Researchers studied drug use and purchase patterns among arrestees in six cities and concluded that drug markets have different characteristics both within and across cities, according to the report released by the Justice Department's National Institute of Justice (NIJ) and the Office of National Drug Control Policy (ONDCP). Within any given city, drug use and drug market participation varied substantially by the three drug types examined: crack, powder cocaine and heroin. In addition to Washington, D.C., the other jurisdictions studied are Chicago, Manhattan, San Diego, San Antonio and Portland, Oregon.
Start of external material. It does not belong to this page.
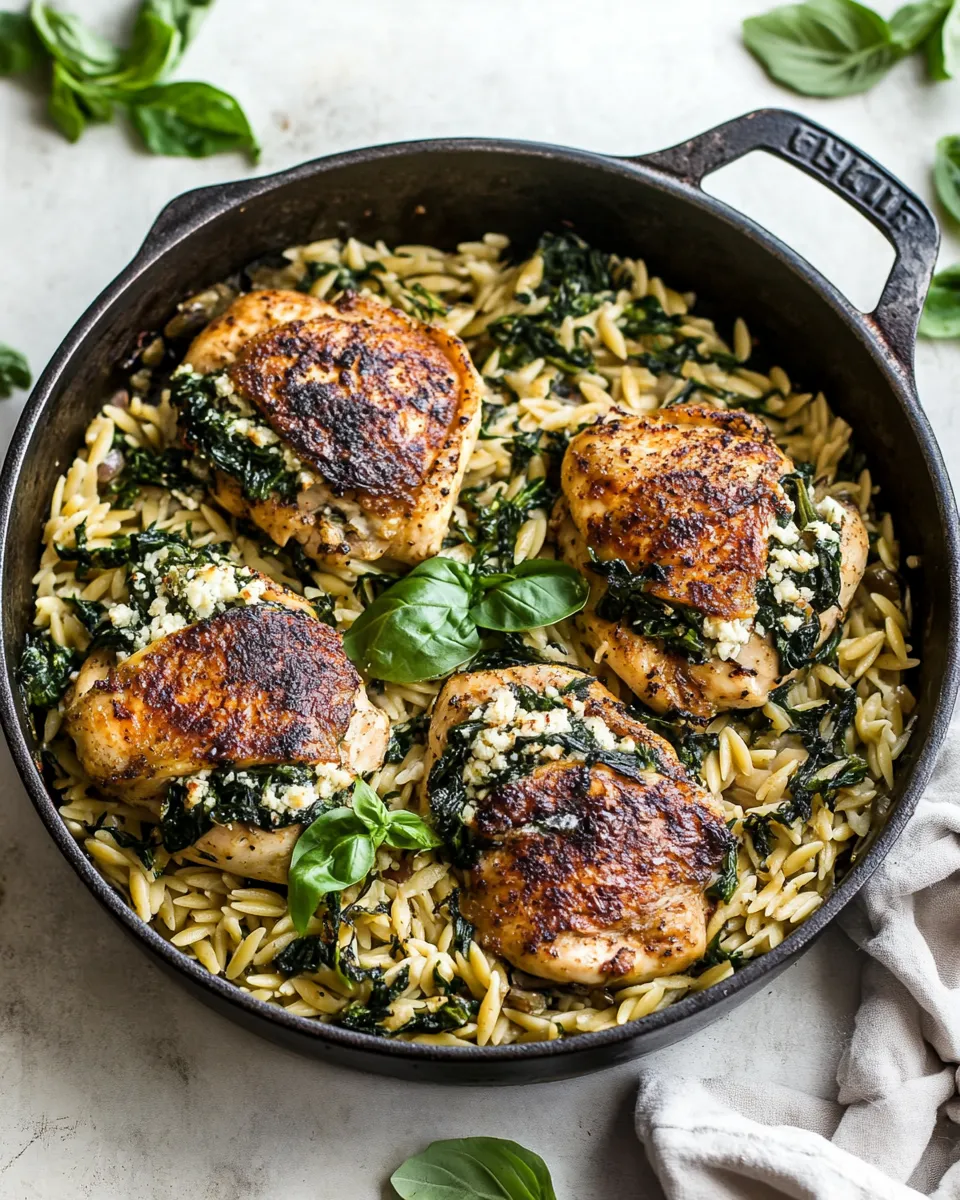classic One Skillet Goat Cheese Stuffed Chicken and Orzo. dish photo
"This study will now form part of the strong scientific base upon which we base drug policy," said ONDCP Director Barry R. McCaffrey. "The National Drug Control Strategy will only succeed in reducing drug abuse if all our programs are based upon research and science. This report hands a new tool to drug treatment providers and police officers--two of the professions which have to deal with drug abuse on a daily, front-line basis."
"These findings will help both law enforcement officials and drug treatment providers in Washington plan their respective strategies," said NIJ Director Jeremy Travis. "This report demonstrates how collecting information about local patterns of drug use and sales can help any community plan for the best use of its resources and ultimately reduce drug use and drug-related crime."
Arrested crack users in the six cities studied were usually less likely to report using a single individual as a source than heroin and cocaine users. On average, crack users reported knowing more dealers from whom they could make purchases than did cocaine and heroin users. In all cities, most were likely to report using a main source who was of their own ethnic or racial background regardless of the drug sought.
Crack users arrested in Washington reported dealer unavailability as the most frequently cited reason for not being able to buy drugs. Most arrested drug users reported making drug purchases outdoors. Over 11 percent of crack users reported living in a shelter prior to their arrest.
Key variables analyzed included: the proximity of drug purchases to the buyer's neighborhood; the buyer's relationship to the seller; the elapsed time, duration and frequency of purchases; the size and price of the drug transactions; how income is generated for drug purchases; the presence of firearms during drug transactions; the quantities of drugs typically used; the form of drug and mode of administration; and the frequency of drug use.
Data were collected between 1995 and 1996 from recently arrested crack cocaine, powder cocaine and heroin users.